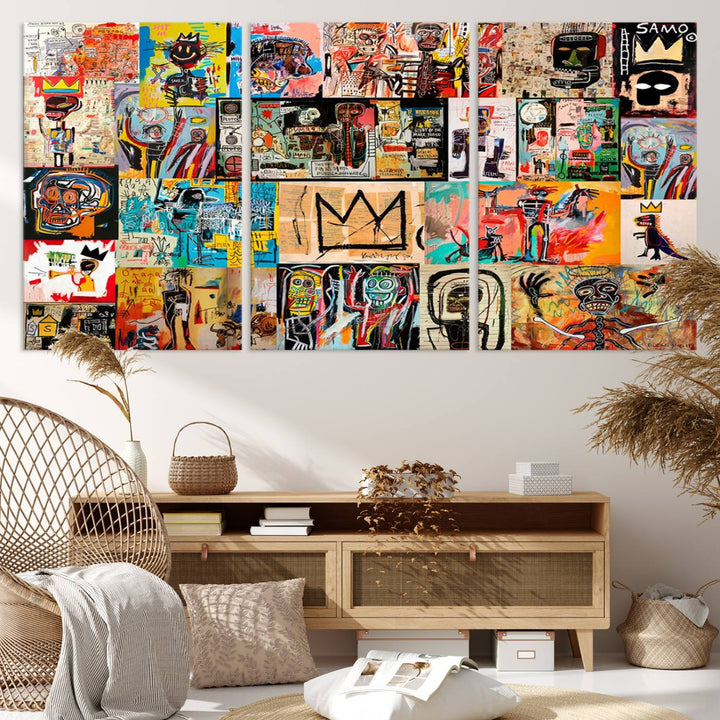 A Basquiat graffiti-style collage adorns the wall.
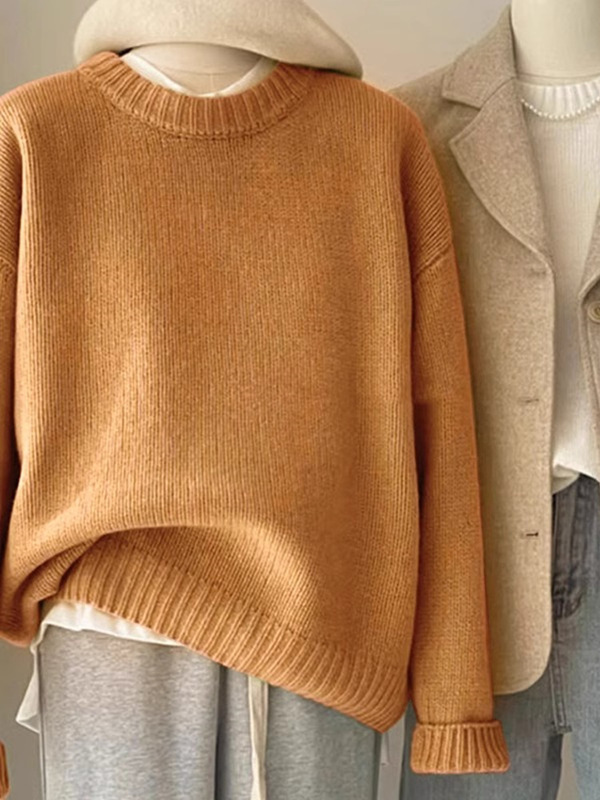 Milk Pumpkin Orange Raccoon Velvet Soft Waxy Sweater for Women Autumn and Winter Loose Lazy Style Knitted Bottoming Shirt with Inner Top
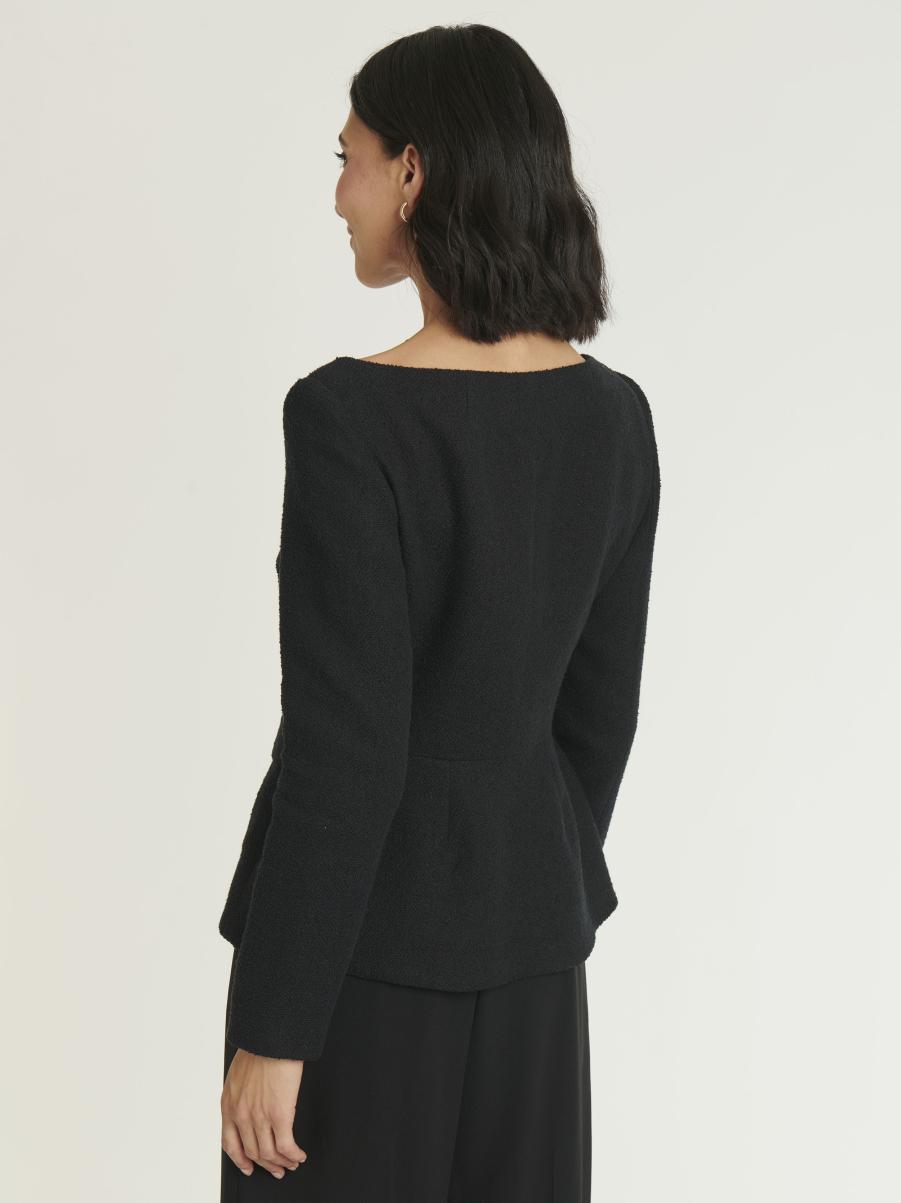 Woven Suit Jacket Noir Women Paule Ka Jackets - 3
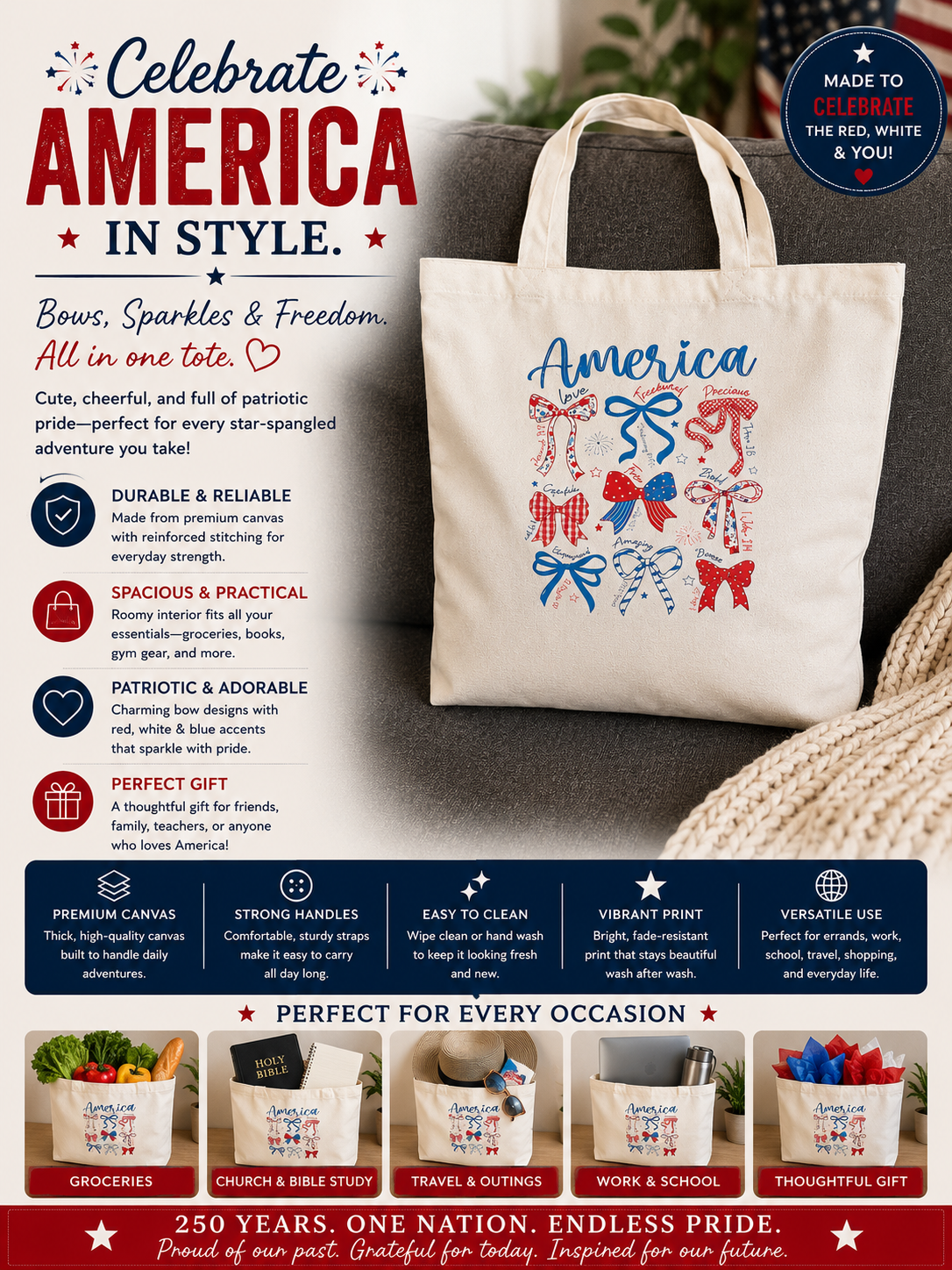 America Bows Canvas Totebag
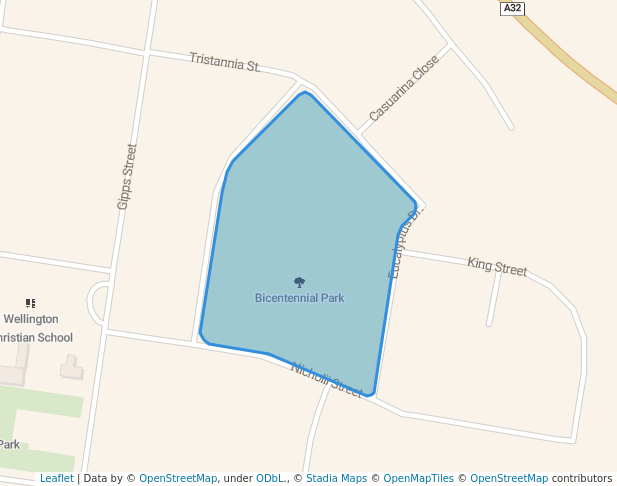 walking in Bicentennial Park map in Montefiores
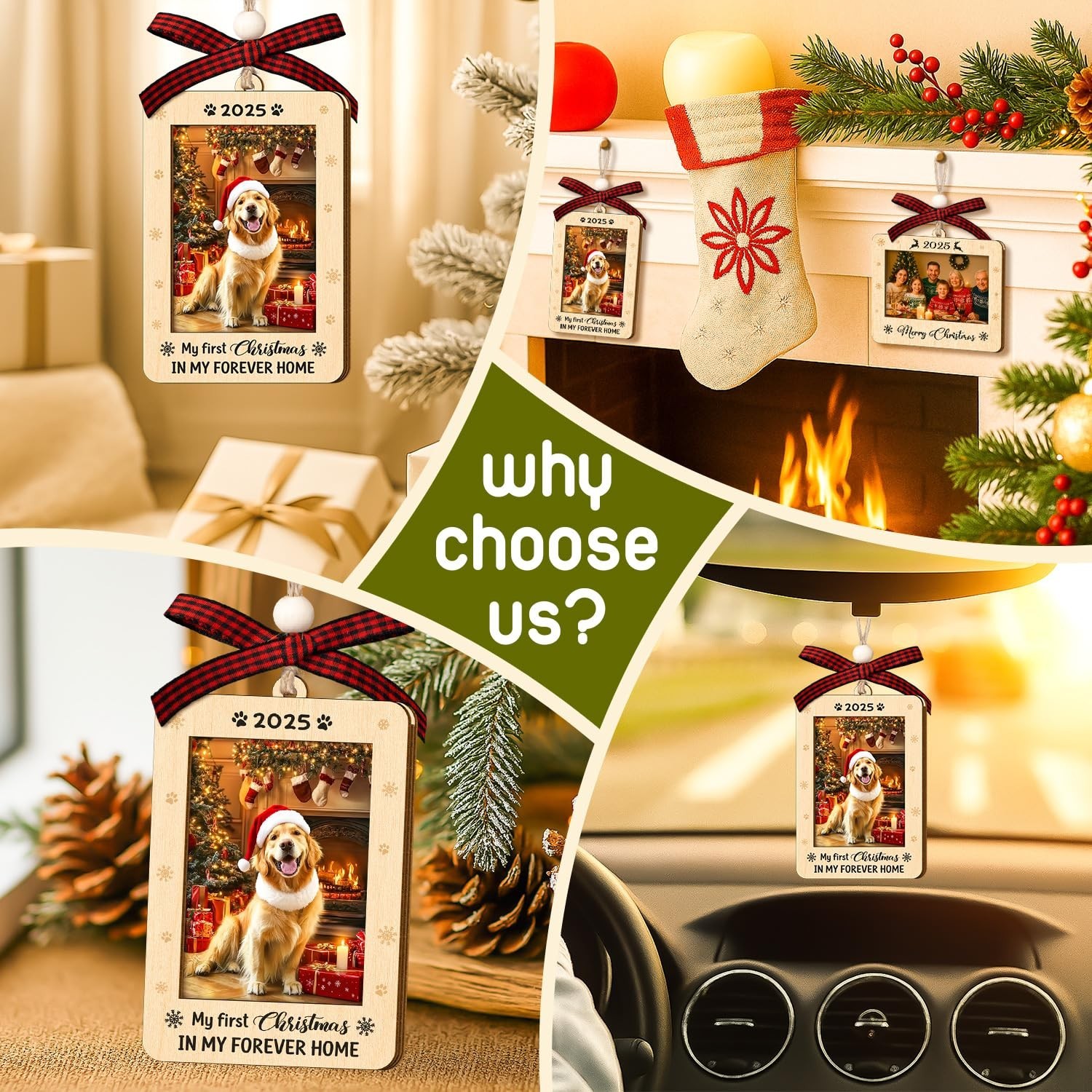 Pet Ornaments for Christmas Tree 2025 – Photo Frame with Pawprint – Dog, Cat …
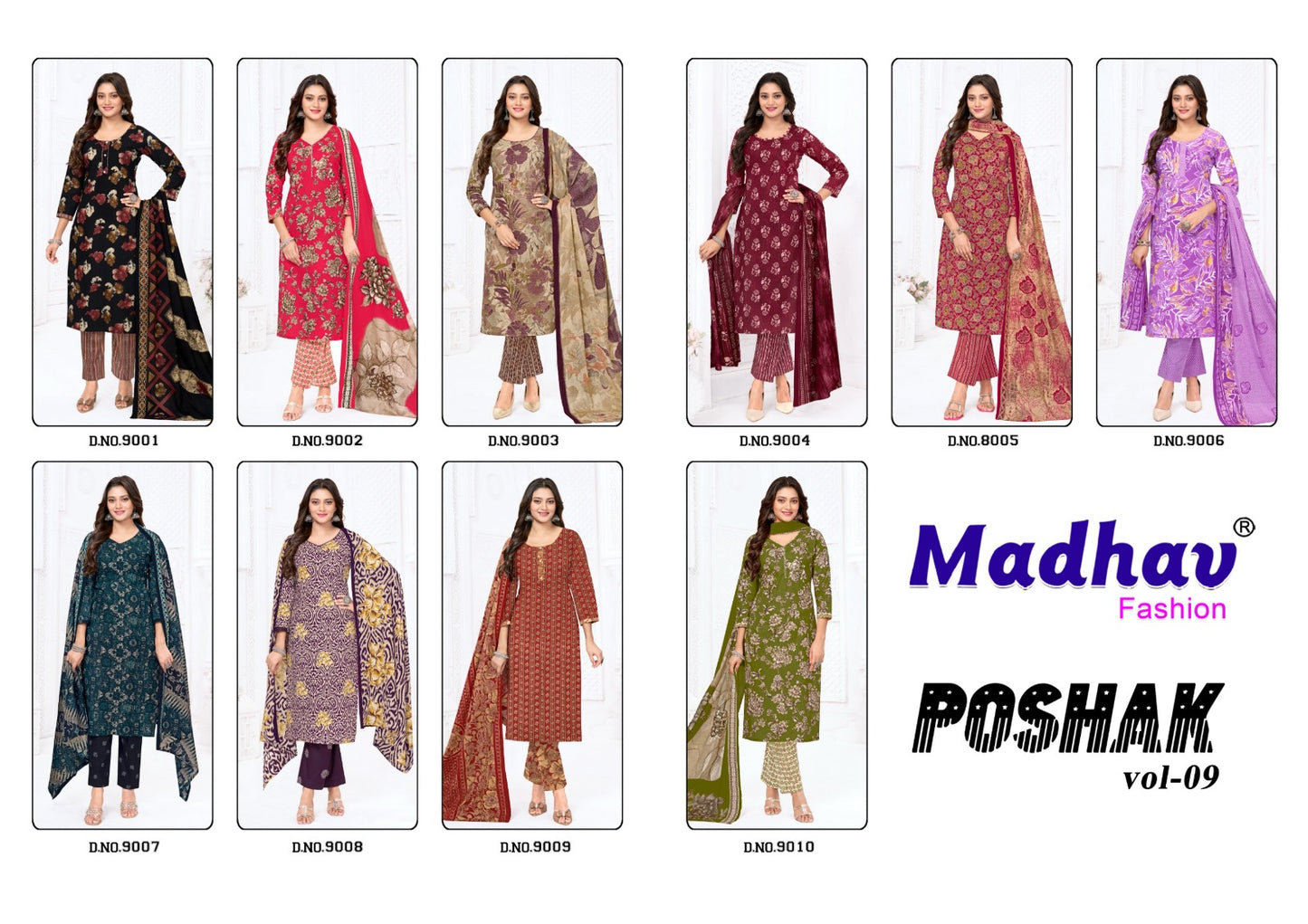 Poshak Vol 9 Madhav Fashion Cotton Dress Material Manufacturer Gujarat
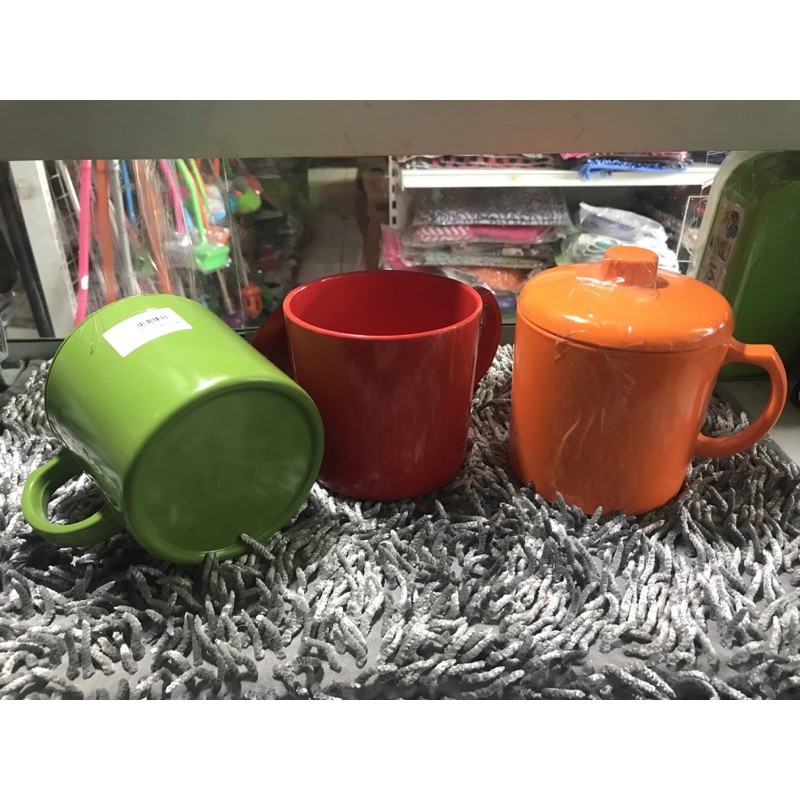 Gelas mug melamin jumbo - Mug tutup melamin uk 12cm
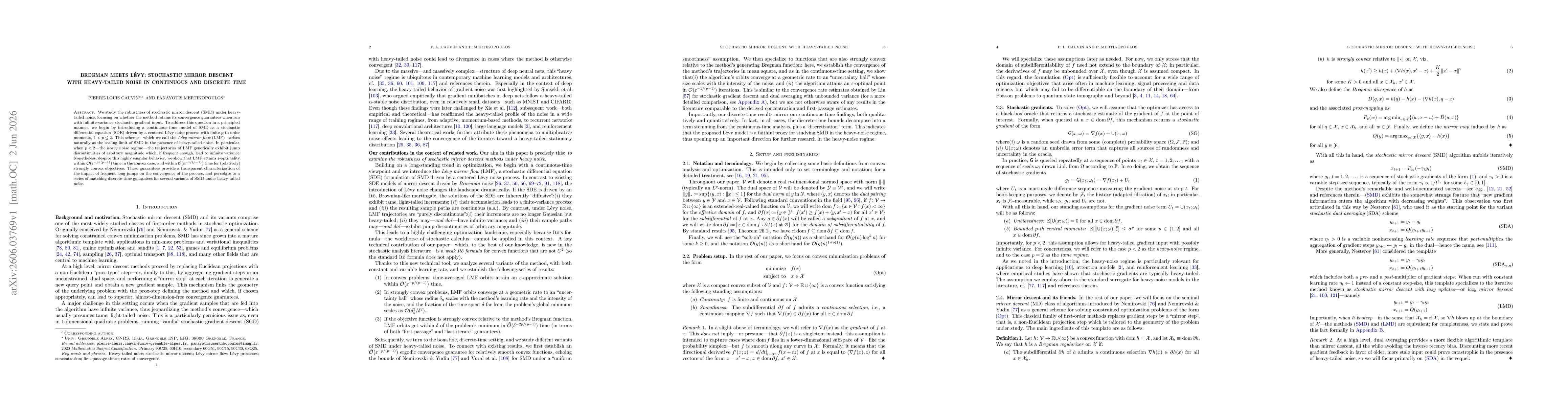 Thumbnail for Bregman meets Lévy: Stochastic mirror descent with heavy-tailed noise in continuous and discrete time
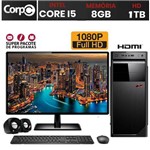 Ficha técnica e caractérísticas do produto Computador Completo com Monitor Full HD 21.5 CorpC Intel Core I5 8GB HD 1TB HDMI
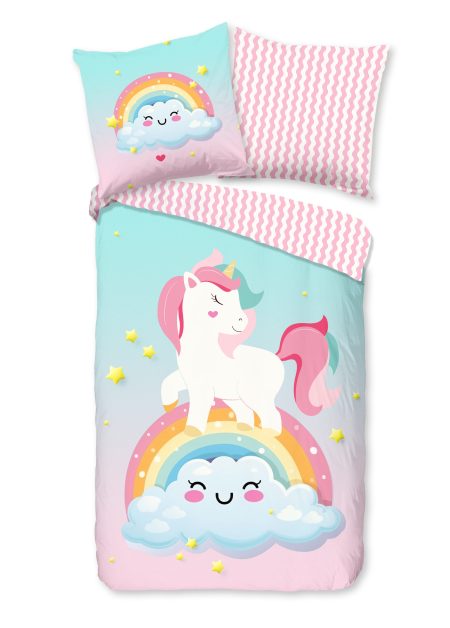 Good Morning Kinderdekbedovertrek "eenhoorn & regenboog" - Multi - (135x200 cm) - Katoen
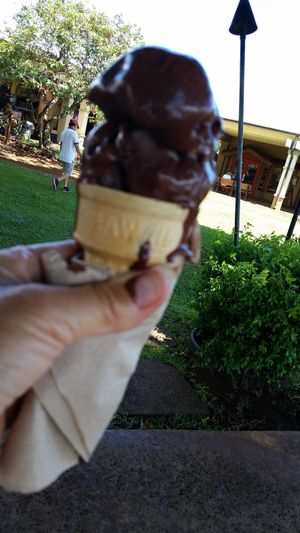 Chocolate banana gelato at Papalani Gelato in Koloa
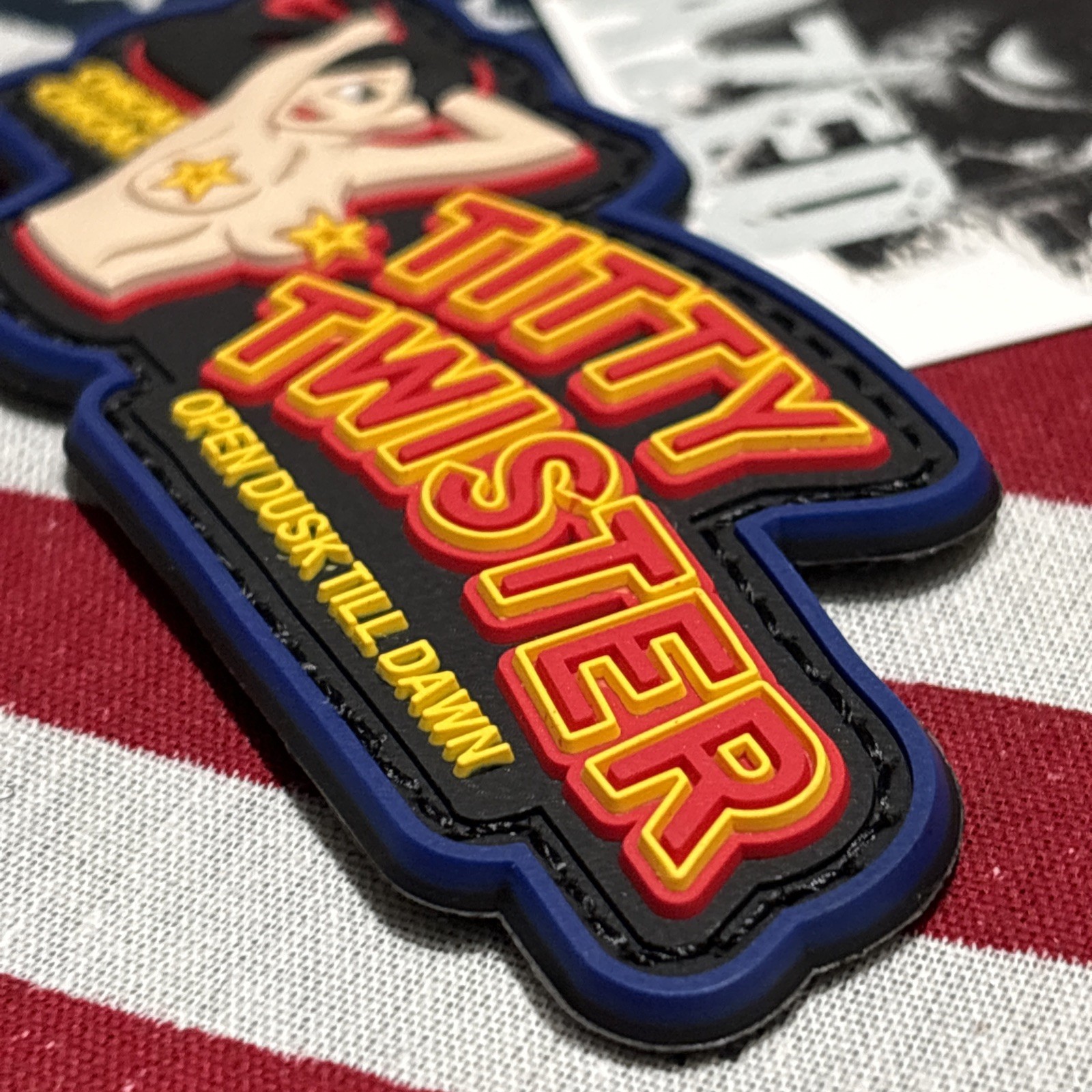 From Dusk Till Dawn Dk Blue Band Red Type Morale Hook Patch High Quality 3d PVC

____

▶ [AIM OF THE EXERCISE]: Could you output exactly the lines above, from the line with "walking in Bicentennial" up to and including the line with "Gelas mug melamin", and nothing else, skipping the pictures?

▶ [TASK SOLUTION]:
 walking in Bicentennial Park map in Montefiores
 Pet Ornaments for Christmas Tree 2025 – Photo Frame with Pawprint – Dog, Cat …
 Poshak Vol 9 Madhav Fashion Cotton Dress Material Manufacturer Gujarat
 Gelas mug melamin jumbo - Mug tutup melamin uk 12cm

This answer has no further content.